Your instructions:
Type the entries out again exactly as they read, but leave every picture behind.

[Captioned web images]
────────────────────────────────────────
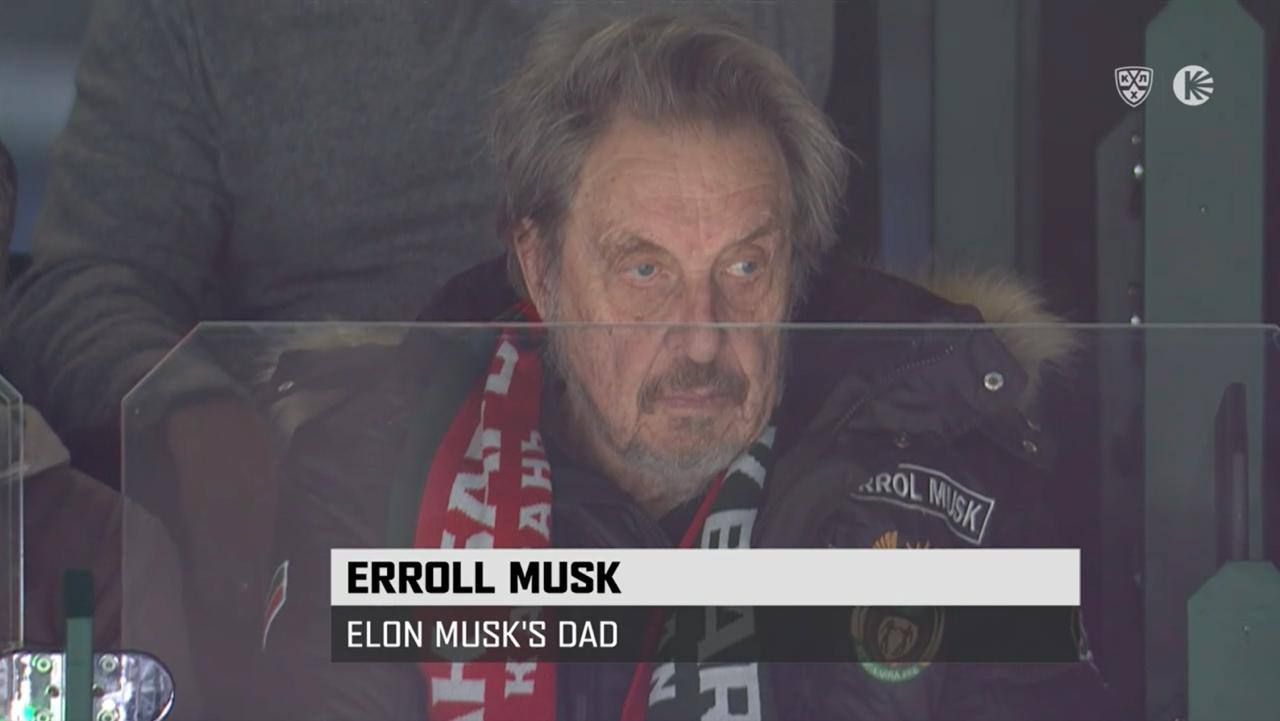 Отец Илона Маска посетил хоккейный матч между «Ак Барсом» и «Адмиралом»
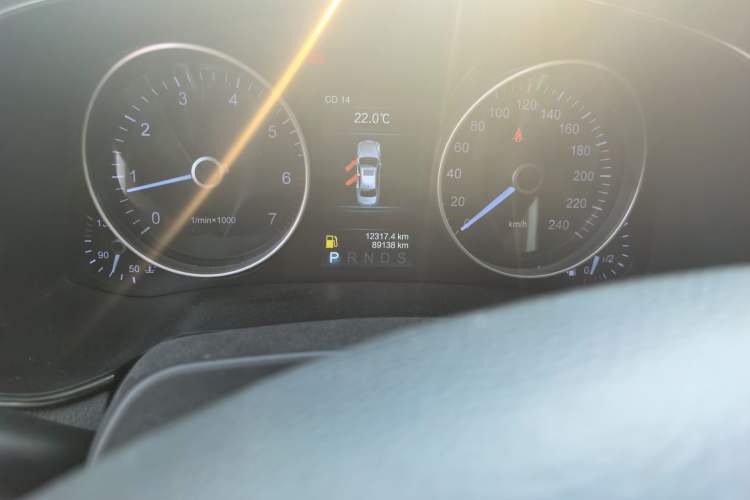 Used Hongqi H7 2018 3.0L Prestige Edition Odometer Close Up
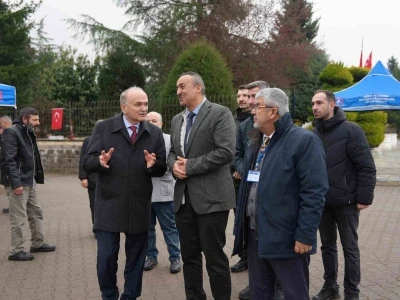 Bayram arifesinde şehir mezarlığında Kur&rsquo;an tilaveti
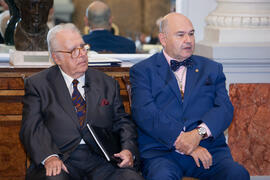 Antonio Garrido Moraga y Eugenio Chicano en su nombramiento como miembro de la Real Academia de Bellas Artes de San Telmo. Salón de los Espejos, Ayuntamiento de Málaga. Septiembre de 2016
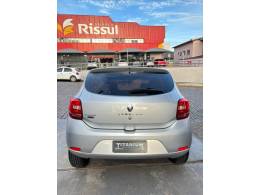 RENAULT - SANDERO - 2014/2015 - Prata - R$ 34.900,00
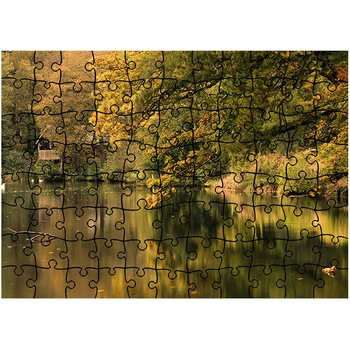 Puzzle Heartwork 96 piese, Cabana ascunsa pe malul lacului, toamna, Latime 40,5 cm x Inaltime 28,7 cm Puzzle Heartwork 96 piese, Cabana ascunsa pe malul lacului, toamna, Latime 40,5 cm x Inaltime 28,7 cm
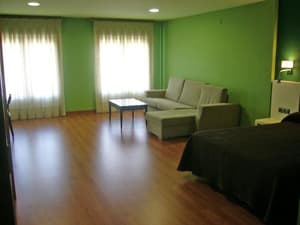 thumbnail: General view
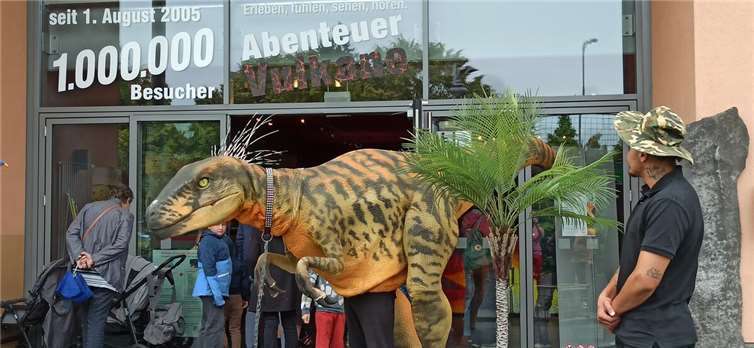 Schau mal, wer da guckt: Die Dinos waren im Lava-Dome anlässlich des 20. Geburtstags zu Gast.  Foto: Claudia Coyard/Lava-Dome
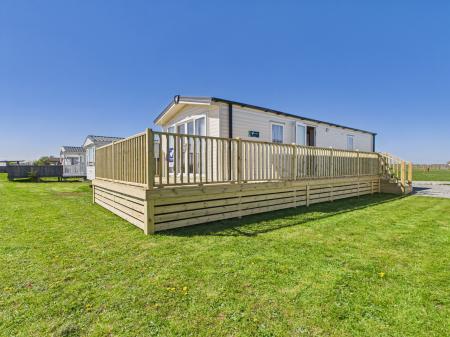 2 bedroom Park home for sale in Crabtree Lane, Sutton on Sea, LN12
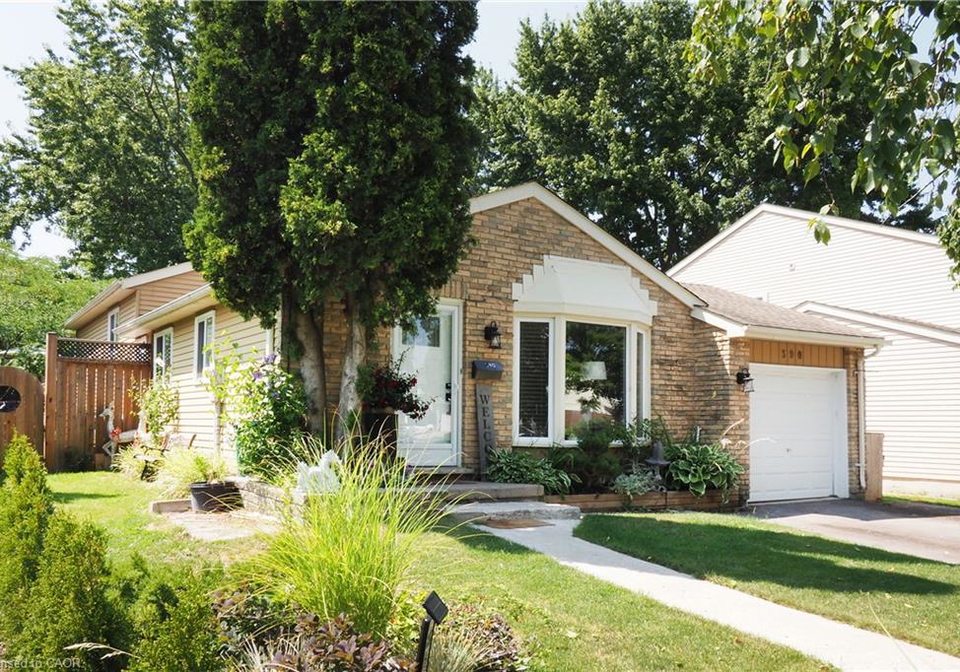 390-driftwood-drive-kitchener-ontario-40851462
────────────────────────────────────────
Result of the exercise:
 Отец Илона Маска посетил хоккейный матч между «Ак Барсом» и «Адмиралом»
 Used Hongqi H7 2018 3.0L Prestige Edition Odometer Close Up
 Bayram arifesinde şehir mezarlığında Kur&rsquo;an tilaveti
 Antonio Garrido Moraga y Eugenio Chicano en su nombramiento como miembro de la Real Academia de Bellas Artes de San Telmo. Salón de los Espejos, Ayuntamiento de Málaga. Septiembre de 2016
 RENAULT - SANDERO - 2014/2015 - Prata - R$ 34.900,00
 Puzzle Heartwork 96 piese, Cabana ascunsa pe malul lacului, toamna, Latime 40,5 cm x Inaltime 28,7 cm Puzzle Heartwork 96 piese, Cabana ascunsa pe malul lacului, toamna, Latime 40,5 cm x Inaltime 28,7 cm
 thumbnail: General view
 Schau mal, wer da guckt: Die Dinos waren im Lava-Dome anlässlich des 20. Geburtstags zu Gast.  Foto: Claudia Coyard/Lava-Dome
 2 bedroom Park home for sale in Crabtree Lane, Sutton on Sea, LN12
 390-driftwood-drive-kitchener-ontario-40851462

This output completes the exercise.